The wood shock has had no impact on construction firms that have traditionally used Hokkaido lumber. According to Tetsuya Takeuchi, president of Takeuchi Construction Co., Ltd. (Headquarters: Sapporo), “We have our own distribution route, so we don’t have to worry about running out of materials at the moment.” Naomi Yoshimura, president of Kinoshiro Taisetsu Co., Ltd. (Headquarters: Kuriyama), who also uses lumber from Hokkaido, views the trend positively, saying, “This is actually a great opportunity for consumers to look at homes made with Hokkaido lumber, which has up until now been seen as expensive.”

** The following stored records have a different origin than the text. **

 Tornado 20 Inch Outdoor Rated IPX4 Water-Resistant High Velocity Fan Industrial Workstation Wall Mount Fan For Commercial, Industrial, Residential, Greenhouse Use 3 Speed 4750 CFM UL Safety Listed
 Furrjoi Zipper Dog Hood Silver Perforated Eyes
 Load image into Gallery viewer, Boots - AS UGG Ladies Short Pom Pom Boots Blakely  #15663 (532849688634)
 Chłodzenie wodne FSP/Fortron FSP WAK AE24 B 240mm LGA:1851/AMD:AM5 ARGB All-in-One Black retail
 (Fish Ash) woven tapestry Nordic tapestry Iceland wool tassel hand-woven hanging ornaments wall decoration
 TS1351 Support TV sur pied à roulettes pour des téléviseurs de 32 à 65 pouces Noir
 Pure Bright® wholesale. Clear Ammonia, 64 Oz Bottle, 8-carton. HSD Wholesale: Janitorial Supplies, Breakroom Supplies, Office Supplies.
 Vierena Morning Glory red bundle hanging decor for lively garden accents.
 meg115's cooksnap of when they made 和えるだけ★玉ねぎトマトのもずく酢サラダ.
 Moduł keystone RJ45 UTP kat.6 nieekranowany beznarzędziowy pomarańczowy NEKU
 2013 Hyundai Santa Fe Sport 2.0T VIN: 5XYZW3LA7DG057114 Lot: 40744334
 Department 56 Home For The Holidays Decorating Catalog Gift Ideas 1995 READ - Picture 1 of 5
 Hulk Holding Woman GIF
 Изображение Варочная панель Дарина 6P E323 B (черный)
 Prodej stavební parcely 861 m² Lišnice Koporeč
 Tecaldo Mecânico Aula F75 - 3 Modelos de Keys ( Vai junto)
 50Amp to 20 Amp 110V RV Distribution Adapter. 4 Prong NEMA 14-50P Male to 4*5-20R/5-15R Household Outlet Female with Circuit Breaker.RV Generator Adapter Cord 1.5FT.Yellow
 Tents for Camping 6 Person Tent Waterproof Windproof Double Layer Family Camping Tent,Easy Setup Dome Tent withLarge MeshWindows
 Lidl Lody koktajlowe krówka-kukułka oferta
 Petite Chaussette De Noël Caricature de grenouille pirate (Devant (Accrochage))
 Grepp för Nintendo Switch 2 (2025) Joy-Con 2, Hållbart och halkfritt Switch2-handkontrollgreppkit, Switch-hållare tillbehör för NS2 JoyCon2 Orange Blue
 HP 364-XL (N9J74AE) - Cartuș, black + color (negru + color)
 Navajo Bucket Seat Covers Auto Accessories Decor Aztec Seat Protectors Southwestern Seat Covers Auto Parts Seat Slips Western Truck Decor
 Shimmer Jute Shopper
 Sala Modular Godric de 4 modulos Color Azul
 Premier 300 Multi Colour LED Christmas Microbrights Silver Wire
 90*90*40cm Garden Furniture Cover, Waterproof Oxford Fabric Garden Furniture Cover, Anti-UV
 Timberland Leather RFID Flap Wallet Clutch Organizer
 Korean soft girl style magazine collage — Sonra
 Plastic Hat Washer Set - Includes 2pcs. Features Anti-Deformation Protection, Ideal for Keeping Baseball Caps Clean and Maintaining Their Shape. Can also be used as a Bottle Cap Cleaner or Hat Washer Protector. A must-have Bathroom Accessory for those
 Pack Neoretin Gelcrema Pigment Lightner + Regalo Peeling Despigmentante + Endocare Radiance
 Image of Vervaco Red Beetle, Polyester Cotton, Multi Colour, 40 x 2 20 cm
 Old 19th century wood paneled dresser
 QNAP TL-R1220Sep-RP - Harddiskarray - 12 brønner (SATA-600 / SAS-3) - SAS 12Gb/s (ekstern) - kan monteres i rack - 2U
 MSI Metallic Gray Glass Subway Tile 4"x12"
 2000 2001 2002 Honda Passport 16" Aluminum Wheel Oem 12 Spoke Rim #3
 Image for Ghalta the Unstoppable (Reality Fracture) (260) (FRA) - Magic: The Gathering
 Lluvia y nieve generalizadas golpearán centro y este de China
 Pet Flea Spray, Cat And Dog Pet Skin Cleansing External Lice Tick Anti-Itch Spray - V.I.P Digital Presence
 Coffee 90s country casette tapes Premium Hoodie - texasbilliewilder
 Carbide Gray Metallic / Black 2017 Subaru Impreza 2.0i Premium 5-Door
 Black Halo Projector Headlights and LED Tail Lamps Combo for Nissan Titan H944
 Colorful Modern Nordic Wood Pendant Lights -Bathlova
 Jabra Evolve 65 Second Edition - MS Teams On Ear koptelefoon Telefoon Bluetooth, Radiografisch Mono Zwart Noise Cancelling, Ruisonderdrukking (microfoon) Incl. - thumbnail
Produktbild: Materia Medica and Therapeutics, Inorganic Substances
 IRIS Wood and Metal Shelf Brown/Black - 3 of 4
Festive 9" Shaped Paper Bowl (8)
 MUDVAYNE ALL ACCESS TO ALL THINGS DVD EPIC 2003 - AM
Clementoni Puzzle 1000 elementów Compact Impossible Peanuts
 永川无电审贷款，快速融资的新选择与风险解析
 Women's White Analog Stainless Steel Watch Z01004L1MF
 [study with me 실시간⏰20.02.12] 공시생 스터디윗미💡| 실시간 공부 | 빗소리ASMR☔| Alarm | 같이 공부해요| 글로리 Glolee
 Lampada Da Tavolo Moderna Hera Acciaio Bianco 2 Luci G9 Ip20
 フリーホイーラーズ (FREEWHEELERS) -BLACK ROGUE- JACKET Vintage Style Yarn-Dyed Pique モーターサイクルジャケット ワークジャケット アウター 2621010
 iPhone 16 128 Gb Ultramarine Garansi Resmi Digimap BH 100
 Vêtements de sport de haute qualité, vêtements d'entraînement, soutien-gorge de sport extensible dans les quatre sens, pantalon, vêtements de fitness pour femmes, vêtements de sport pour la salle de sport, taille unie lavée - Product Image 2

Although some expect Hokkaido lumber to serve as a substitute for foreign lumber, it won’t be easy. In addition to securing acquisition routes, there is currently no system in place to boost production capacity at sawmills, and most believe it will be impossible to make up for the decrease in foreign lumber.

Mitsuo Hasui, president of Iwakura Home Co., Ltd. (Headquarters: Sapporo) and director of the Hokkaido Branch of the Japan 2×4 Home Builders Association, says, “Even if many manufacturers temporarily look to domestic lumber, they will return to foreign lumber once prices and supply have settled down.” Furthermore, he suggested that Hokkaido lumber will not take root unless the housing industry continues to use stable amounts of it.

Houses can’t be built without procuring lumber. Market conditions are quite different from those of the past, and companies need to decide whether to secure distribution routes in new areas or wait for a stable supply of domestic lumber. Housing companies are being asked to use their management skills to survive in the industry.